Former Ipswich woman Silene, who is one of the ex-criminals appearing on Channel 7 show, Conviction Kitchen. Photos: Supplied
Former Ipswich woman Silene, who is one of the ex-criminals appearing on Channel 7 show, Conviction Kitchen. Photos: Supplied

A chance for a new life

AN IPSWICH woman says her life has been turned around thanks to the television show, Conviction Kitchen.

Neither cooking show nor reality TV yet somehow both, Conviction Kitchen offers 12 convicted criminals the chance to redeem themselves and reclaim their lives.

The kitchen staff under chef Ian Curley and the front-of-house team managed by Lisa Parker operate Conviction restaurant in Brisbane.

The best two will embark on new careers in one of Curley's high-end Melbourne restaurants.

They have experienced homelessness, chronic unemployment and drug abuse, and their crimes include fraud, stealing, dangerous driving and drug offences.

One of them, Ipswich-born-and-bred Silene, 37, was jailed twice for producing amphetamines.

When she got out of Brisbane Women's Correctional Centre last year she decided her life had to change. As soon as she heard about Conviction Kitchen she jumped at the chance

“While I was incarcerated I joined an organisation called Offender Reintegration Support Service (ORSS), and when you get out of prison they help you find accommodation and help you get a job and all that,” Silene said.

“They contacted me in October last year and asked me if I was still looking for work.

“Basically I hadn't worked for the past 10 years, so when they called me with this fantastic opportunity I went for it, and it was the greatest thing I ever done, I think. To have someone reach out to me was so wonderful.

“When I was released from prison the last time, I've been clean since, and that lifestyle is definitely not for me any longer. Prison isn't a nice place to be at all. I'm 37 years old and was heading nowhere.”

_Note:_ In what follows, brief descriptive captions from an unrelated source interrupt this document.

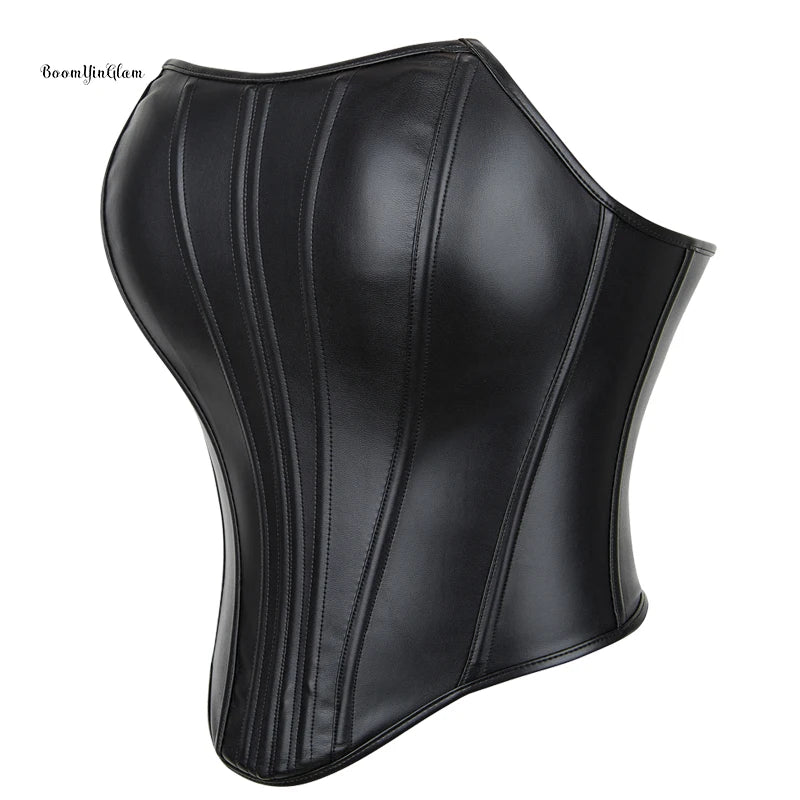 Women PU Faux Leather Tube Top Strapless Sleeveless Zip Side Bustier Corset Crop Top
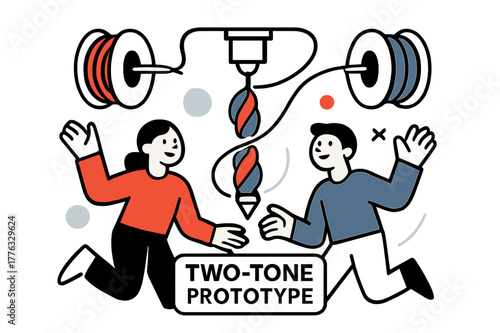 Dual-Extrusion Prototype. Dual-Extrusion Color Swap. Two filament spools feed a single head as colors twist midair; a label reads ?two-tone prototype?. Crisp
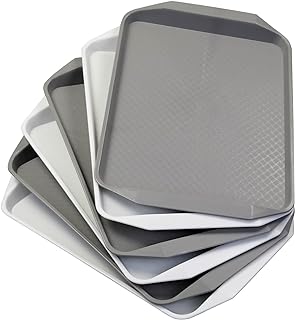 Yesdate Plastic Food Service Tray Serving Plate, Anti-Slip Fast food Tray, Set of 6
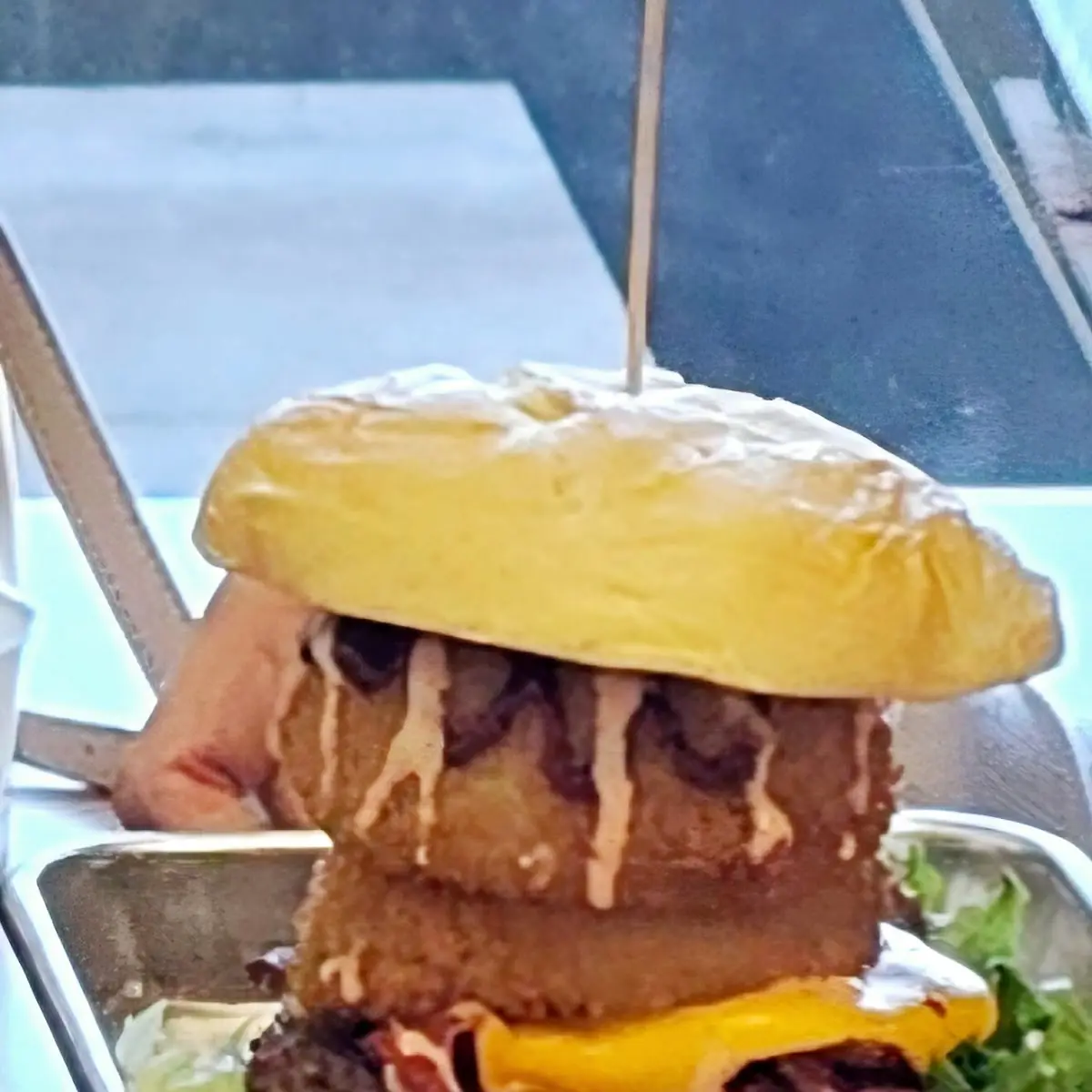 Loaded Burger with Onion Ring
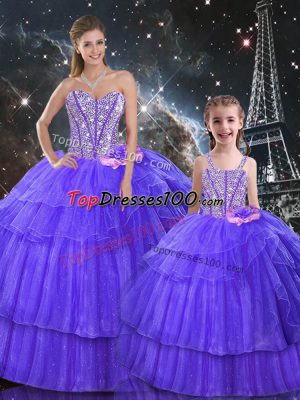 Purple Sweetheart Neckline Ruffled Layers and Sequins Quinceanera Dresses Sleeveless Lace Up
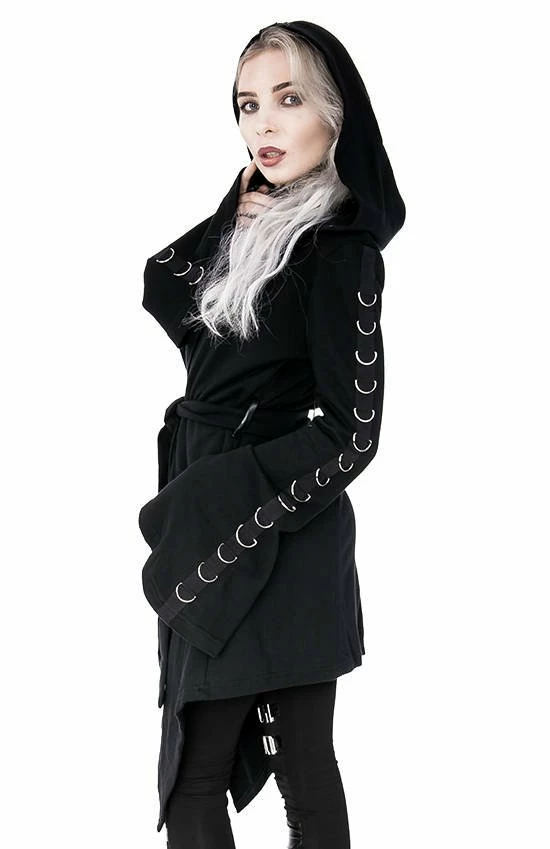 Restyle Jackets Black Gothic Oversized Hood D-Rings Asymmetrical Sweatshirt - Image 4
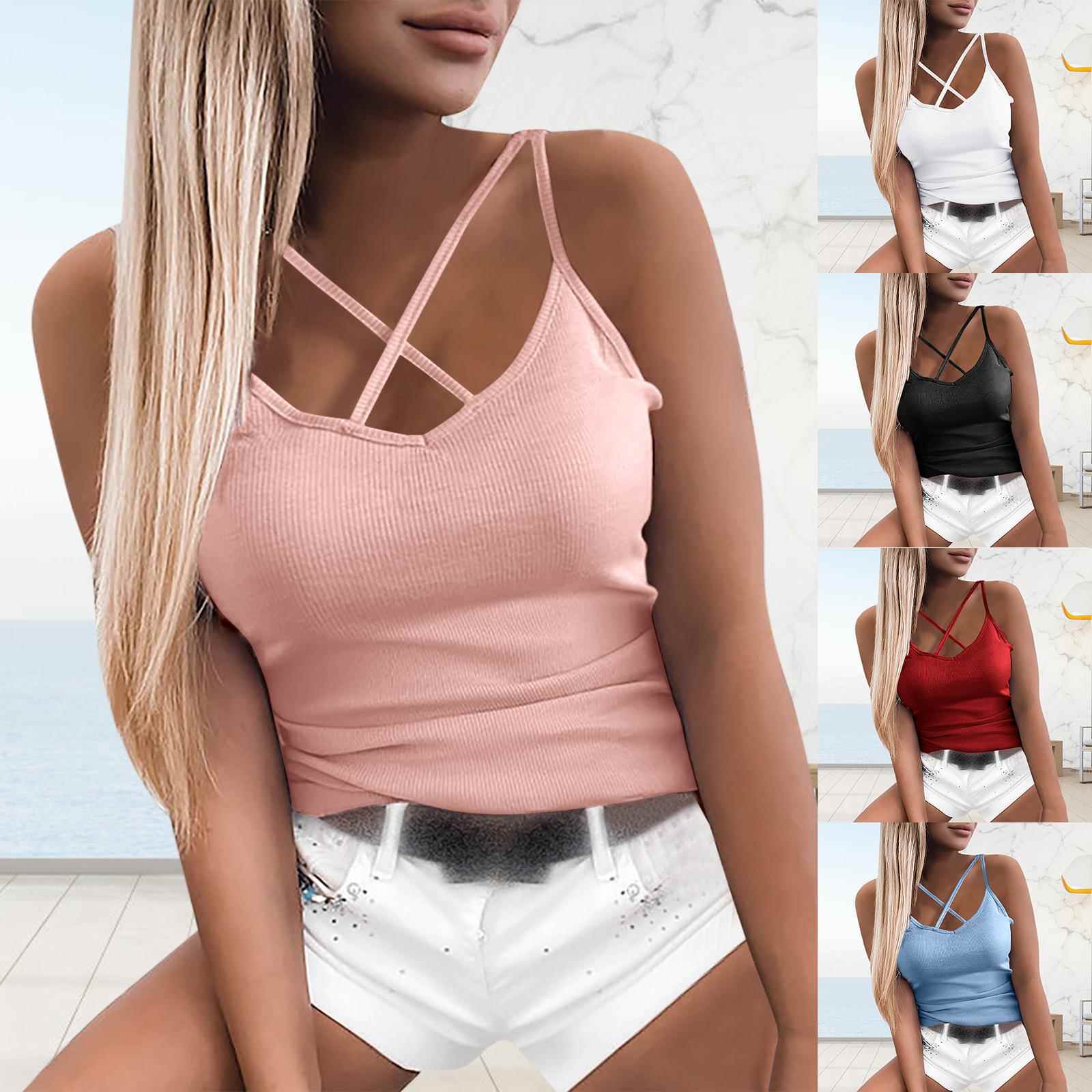 solid tight women tops with double straps summer camis
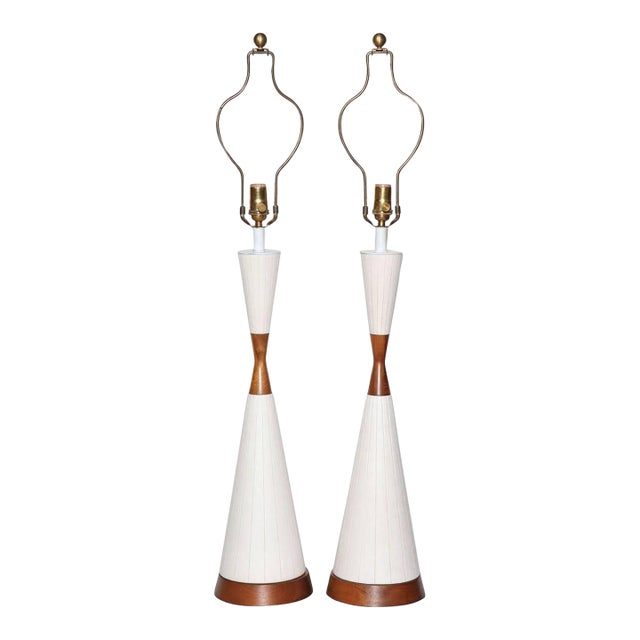 Substantial White Incised Ceramic "Hourglass" Table Lamps, Circa 1950s - A Pair For Sale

Born in Ipswich and educated at Brassall State School and Ipswich State High, Silene said she wished others didn't follow her wasteful path.

“My message would be ‘don't take life for granted', and ‘a life of drugs is no life at all',” she said.

“It might be all good and well at the time, but you look back on it and, you know, I've got nothing to be proud of.”

That all changed once Conviction Kitchen got under way, including being given a makeover before the restaurant opened.

“The makeover, that was fantastic. I could not believe the change actually. It was massive,” she laughed.

“It made me feel good about myself; it gave me back some self-esteem, a bit of confidence.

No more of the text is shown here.